- **Task objective**
Give back the lines below exactly, but do not include any pictures.

- **Supplied information**
++++++++++++++++++++

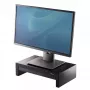 Fellowes Computer-Monitorständer mit 3 Höheneinstellungen - Designer Suites Monitorerhöhung mit Ablagefach - Ergonomischer verstellbarer Monitorständer für Computer - Max. Gewicht 18 kg / Max. Größe 21 Zoll - Schwarz/Perlweiß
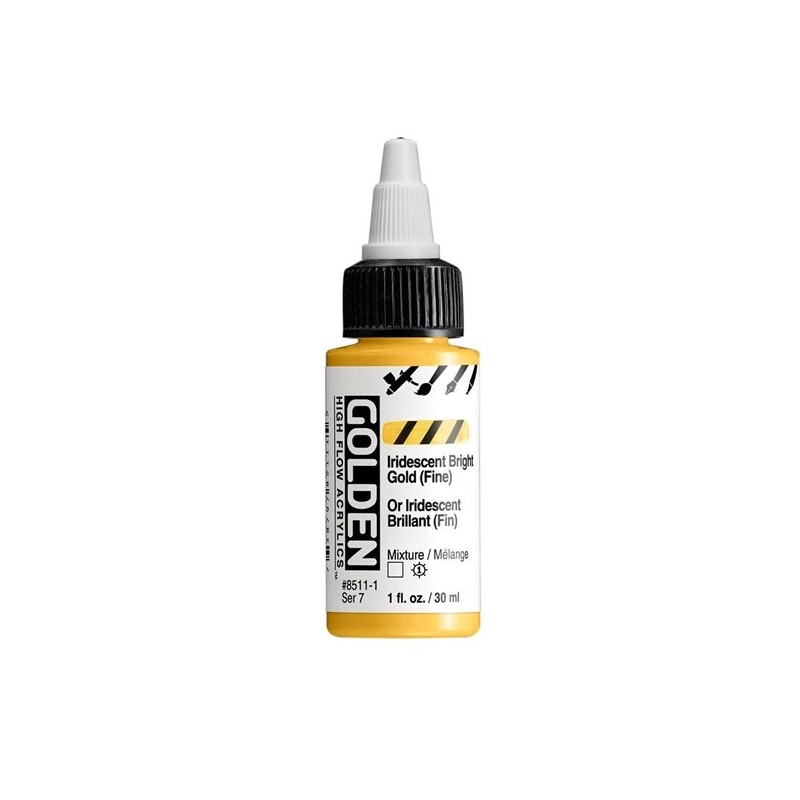 High Flow Acrylfarbe Iridescent bright  Gold (Fine) / Irisierende Glanzgold (Fein) 30 ml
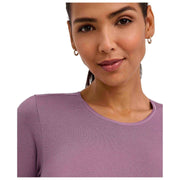 Body Falke Timeless Cotton Crew String - Magnolia Lila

++++++++++++++++++++

- **Response below**
 Fellowes Computer-Monitorständer mit 3 Höheneinstellungen - Designer Suites Monitorerhöhung mit Ablagefach - Ergonomischer verstellbarer Monitorständer für Computer - Max. Gewicht 18 kg / Max. Größe 21 Zoll - Schwarz/Perlweiß
 High Flow Acrylfarbe Iridescent bright  Gold (Fine) / Irisierende Glanzgold (Fein) 30 ml
 Body Falke Timeless Cotton Crew String - Magnolia Lila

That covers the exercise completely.